Aussie Christian Wisdom

This week, I am at Grace Lutheran Church in Albuquerque, New Mexico. I'm sitting in on a continuing education class for pastors on Leviticus. Our instructor is Dr. John Kleinig, Old Testament scholar at Australian Lutheran College.

He is quite fantastic and has me convinced that Leviticus is - by Christians - the most tragically neglected book of the Bible. My pastor, Rev. David Petersen, blogged several times recently about his experience with this course when it was offered in Fort Wayne.

The over-arching theme of Leviticus is holiness. The concept of holiness is the key for understanding the whole arrangement of worship in Israel and God’s involvement in worship. It has crucial implications for Christian worship as well.

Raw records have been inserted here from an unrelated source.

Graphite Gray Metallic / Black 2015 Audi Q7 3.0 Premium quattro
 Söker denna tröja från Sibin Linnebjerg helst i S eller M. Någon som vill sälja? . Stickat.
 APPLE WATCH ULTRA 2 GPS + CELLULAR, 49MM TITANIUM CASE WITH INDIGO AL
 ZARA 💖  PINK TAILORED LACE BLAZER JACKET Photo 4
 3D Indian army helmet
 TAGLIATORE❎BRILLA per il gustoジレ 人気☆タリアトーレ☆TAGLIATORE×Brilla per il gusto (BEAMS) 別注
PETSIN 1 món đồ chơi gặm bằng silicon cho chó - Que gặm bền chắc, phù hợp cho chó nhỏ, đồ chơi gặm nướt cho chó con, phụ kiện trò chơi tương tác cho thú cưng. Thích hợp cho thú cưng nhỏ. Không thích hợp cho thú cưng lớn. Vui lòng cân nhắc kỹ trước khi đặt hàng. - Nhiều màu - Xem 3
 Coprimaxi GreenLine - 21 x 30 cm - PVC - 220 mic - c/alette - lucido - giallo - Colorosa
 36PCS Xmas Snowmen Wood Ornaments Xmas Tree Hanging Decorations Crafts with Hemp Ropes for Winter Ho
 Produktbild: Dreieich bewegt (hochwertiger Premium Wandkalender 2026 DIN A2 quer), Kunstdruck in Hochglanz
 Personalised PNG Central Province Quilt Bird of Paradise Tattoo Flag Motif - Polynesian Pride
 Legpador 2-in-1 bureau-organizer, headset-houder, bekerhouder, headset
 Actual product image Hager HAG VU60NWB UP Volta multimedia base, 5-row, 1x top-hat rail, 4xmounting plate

First of all, only God is holy. No one and nothing apart from God is holy. There is no other sources of holiness. How do things and people become holy? Only by contact with God. The trouble is that sinful people who come into contact with God (without mediation) are destroyed, just as fire burns chaff and light scatters darkness. We sinful beings are in need of a means to access God (atonement; Great High Priest, Christ as intercessor).

I am attracted to this teaching, not only because I recognize the scriptural soundness of it, but because I am annoyed by the buddy/buddy informality that permeates much of contemporary Christianity. Nothing is sacred. God is a benign cuddly grandpa.